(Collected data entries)
_ _ _
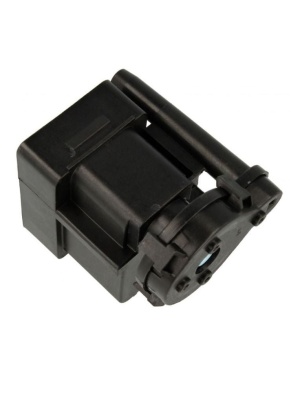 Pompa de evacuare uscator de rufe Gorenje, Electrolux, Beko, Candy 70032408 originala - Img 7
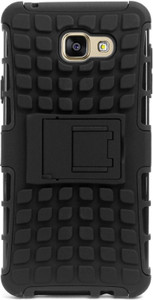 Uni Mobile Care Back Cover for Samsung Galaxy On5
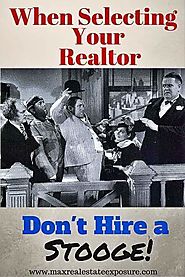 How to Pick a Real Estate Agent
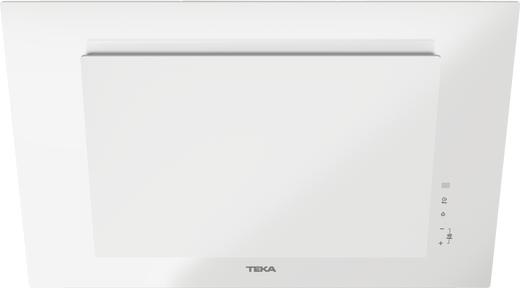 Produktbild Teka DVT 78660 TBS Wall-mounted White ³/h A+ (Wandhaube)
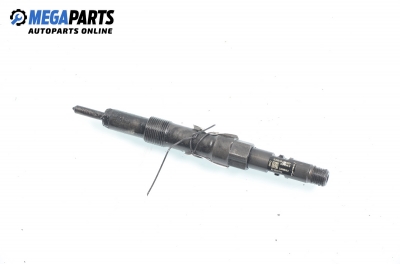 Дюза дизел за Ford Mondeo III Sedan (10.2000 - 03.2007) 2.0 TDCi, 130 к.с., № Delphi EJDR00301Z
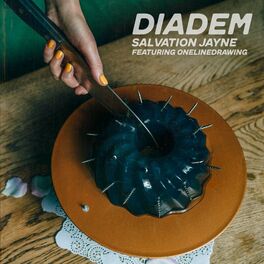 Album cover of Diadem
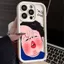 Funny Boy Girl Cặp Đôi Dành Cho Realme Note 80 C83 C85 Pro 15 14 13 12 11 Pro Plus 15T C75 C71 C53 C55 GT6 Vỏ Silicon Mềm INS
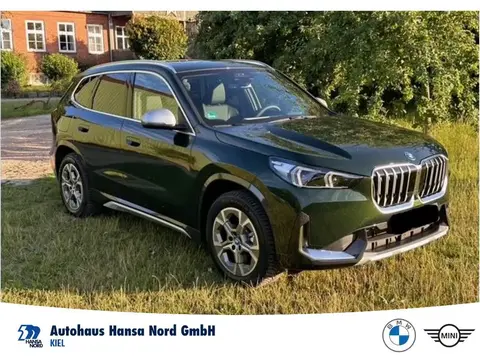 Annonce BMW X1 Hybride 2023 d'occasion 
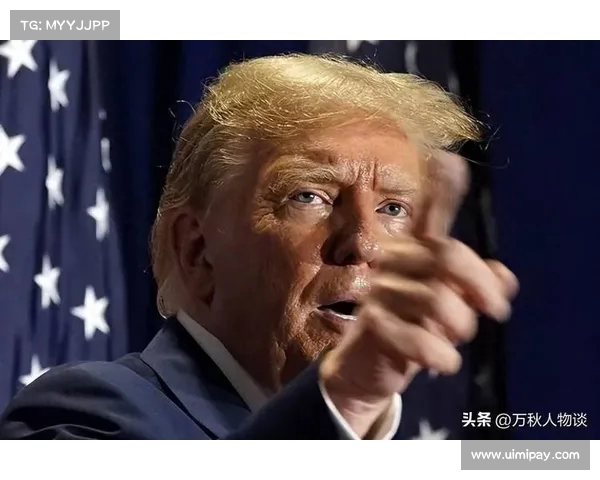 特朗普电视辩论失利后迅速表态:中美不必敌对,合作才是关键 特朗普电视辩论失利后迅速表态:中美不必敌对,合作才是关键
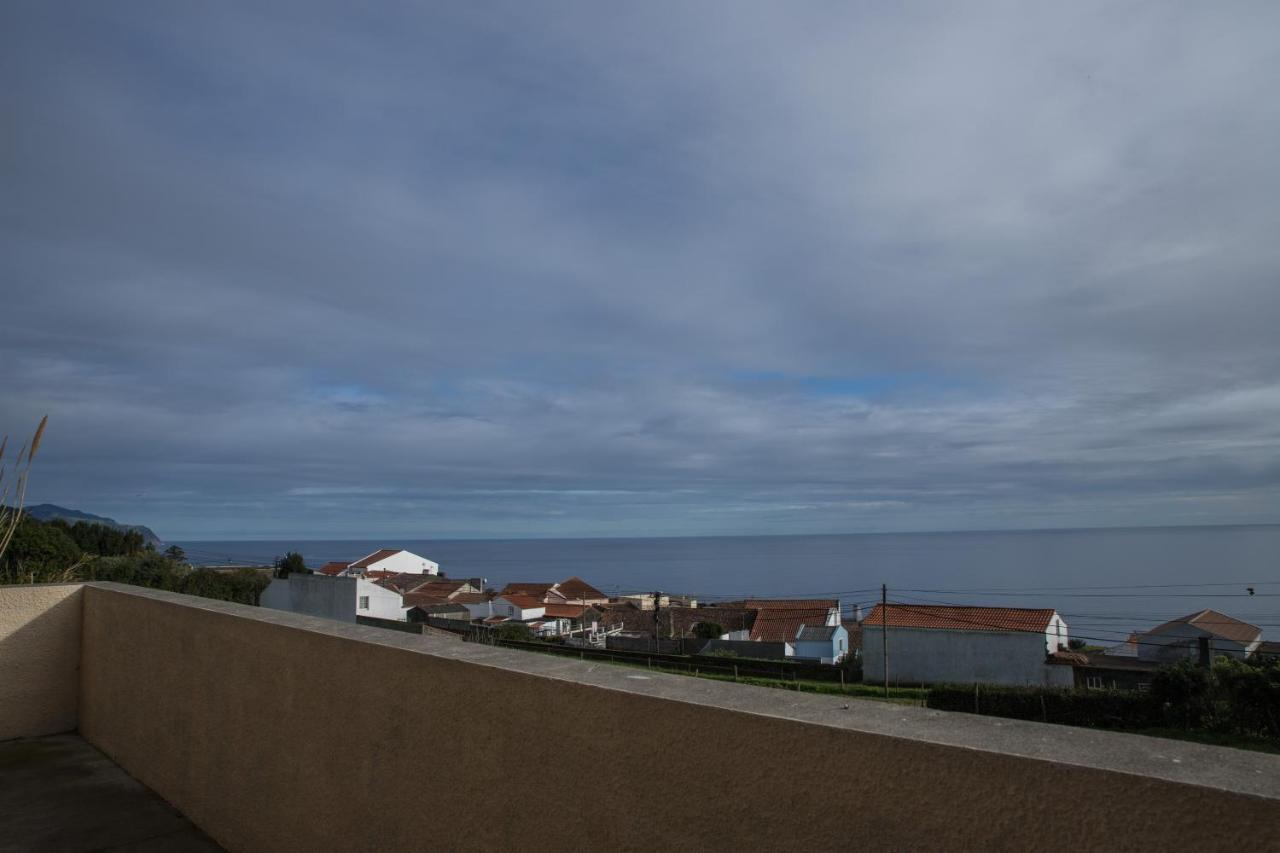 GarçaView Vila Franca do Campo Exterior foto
_ _ _
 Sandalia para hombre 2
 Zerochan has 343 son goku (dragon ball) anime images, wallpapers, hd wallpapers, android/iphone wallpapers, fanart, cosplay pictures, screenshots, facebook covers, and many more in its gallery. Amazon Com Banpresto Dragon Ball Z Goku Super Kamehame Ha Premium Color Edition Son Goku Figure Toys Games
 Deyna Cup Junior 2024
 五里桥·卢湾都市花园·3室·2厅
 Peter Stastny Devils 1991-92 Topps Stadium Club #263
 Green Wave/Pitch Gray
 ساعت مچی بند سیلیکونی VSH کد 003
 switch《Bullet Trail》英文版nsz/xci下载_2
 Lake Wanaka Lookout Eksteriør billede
_ _ _
## The task
Each line between the one holding "Annonce BMW X1 Hybride 2023 d'occasion" and the one holding "GarçaView Vila Franca do Campo Exterior foto", inclusive, should be copied exactly as it appears above, and pictures should be omitted.

## Written response
 Annonce BMW X1 Hybride 2023 d'occasion 
 特朗普电视辩论失利后迅速表态:中美不必敌对,合作才是关键 特朗普电视辩论失利后迅速表态:中美不必敌对,合作才是关键
 GarçaView Vila Franca do Campo Exterior foto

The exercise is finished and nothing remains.